В лесной деревне верстах в пяти от села живет Коля — бобыль лет пятидесяти с крестообразным шрамом на большом лбу, человек нормальный, но немного «не от мира сего», считай, деревенский юродивый. Живет в избушке без фундамента, в которой головой стукаешься о потолок. Не хватило леса, двух венцов не доложили: «Да зачем мне одному, — машет он рукой, — все равно помирать…» Он всем помогает, почти бесплатно вскапывает огороды, пьет не часто, словом, разительно отличается от остальных. «Да у него ж дырка в голове», — сокрушенно говорит его мать, баба Шура, лет девяноста от роду. Когда он идет на речку купаться, в серых вылинявших трусах до колен, пацаны и девки подсмеиваются над «Колей». «Я вам не Коля, — грозно-равнодушно кричит он, — а Николай Иванович». С виду — нормальный мужик, по-своему красивый, живет на инвалидную пенсию. В меру ленив, мечтателен, любит порассуждать, никогда не охотится, не ходит на рыбалку. В нем есть что-то очень застенчивое, то, что по необходимости приходится скрывать. И душа у него, по Тертуллиану, «по природе — христианка». Когда-то в их роду были священники, и, возможно, эти забытые корни еще существуют в нем, но при этом не без гордости заявляет:
— В судьбу я, конечно, верю, но воще-то я — етеист.
Мужик должен охотиться, рыбачить, ходить в баню, пить, блевать, драться, колотить свою бабу или даже из-за внезапной, беспричинной ревности пристрелить ее из двустволки, сесть в тюрьму — все это законное, мужское. Но если он отправится в церковь, будет молиться, он тотчас же утратит свою идентичность, потеряет мужескую силу, «обабится»…
Это похоже на время первоначального христианства, эпоху гонений, когда женщины, рабы и немногие обратившиеся в новую веру умники составляли костяк христиан. Христианство проповедано мужчинами, но изначально рождено и затем воспринято женщинами.
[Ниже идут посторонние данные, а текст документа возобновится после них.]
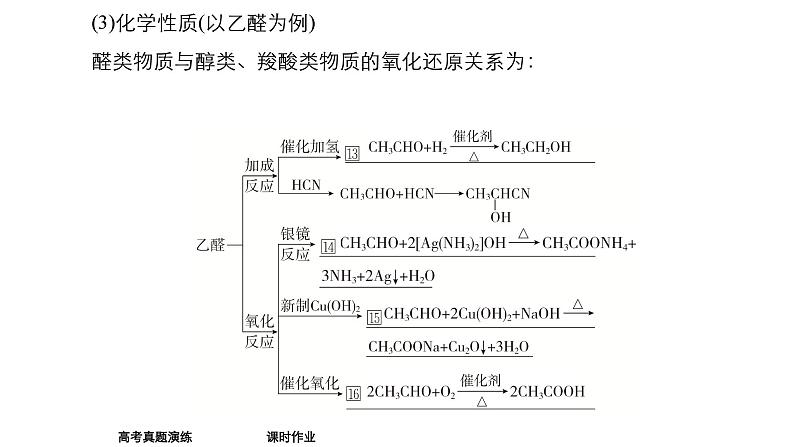 2024年高考化学一轮总复习 第11单元  第4讲　醛　酮   课件05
Поиск вечной женственности — первозданной потенциальности бытия — всегда сопутствовал исканиям мистиков и философов всех времен и народов. В гностицизме — все еще радикальнее, женское возникает как необходимое саморазвлечение Абсолюта. Абсолют, чтобы существовать, должен положить себя как Иное. Это Иное, через которое Бог приходит к Самому Себе, и есть женское. Бог открывается женскому, для мужского начала Он закрыт. (Женская вера, как говорили про христианство римские патриции.)
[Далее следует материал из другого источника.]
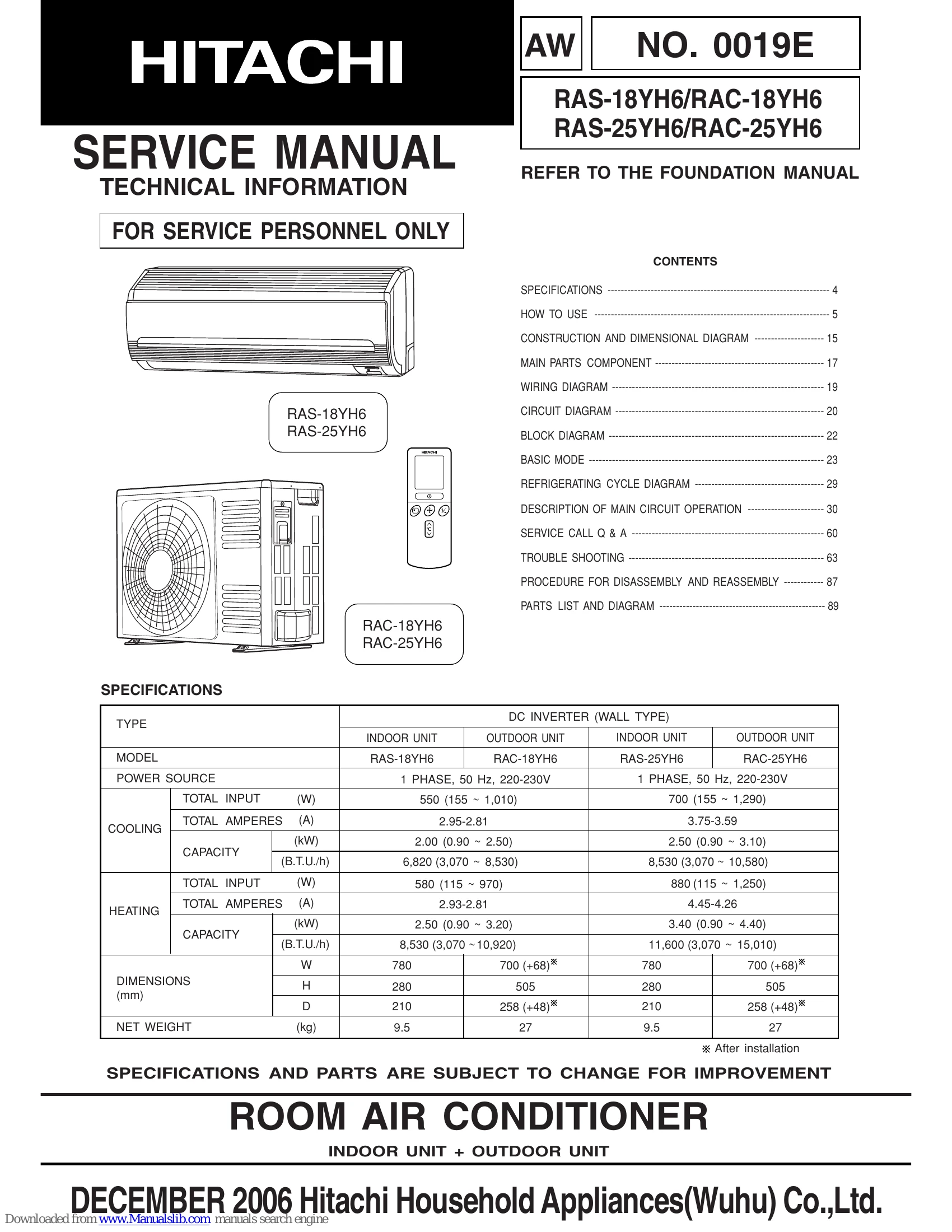 Manual for RAS-18YH6/RAC-18YH6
Апостол свободы, аристократ, рыцарь креста Николай Бердяев, порицая «вечно бабье в русской душе», отождествлял это с «мистическим народничеством», хронической русской болезнью, желанием утратить свою личность, отдаться и раствориться в пантеистической народной стихии, обрести «подлинную веру» темных бабушек и простых людей. В русском церковном православии мужчин совсем мало, до сего дня лица церковных людей — часто лица евнухов, скопцов, андрогинов, а монахи и святые — вообще по ту сторону пола. Утонченный апостол ортодоксии отец Георгий Флоровский, казалось бы, ни в чем не согласный с Бердяевым, именно в этом абсолютно с ним совпадает. В «Путях русского богословия» он цитирует Бердяева с восхищением, повторяя, что старый, бытовой стиль православия навсегда кончился и его больше нельзя восстановить — вера бабушек и простых людей навсегда прошла.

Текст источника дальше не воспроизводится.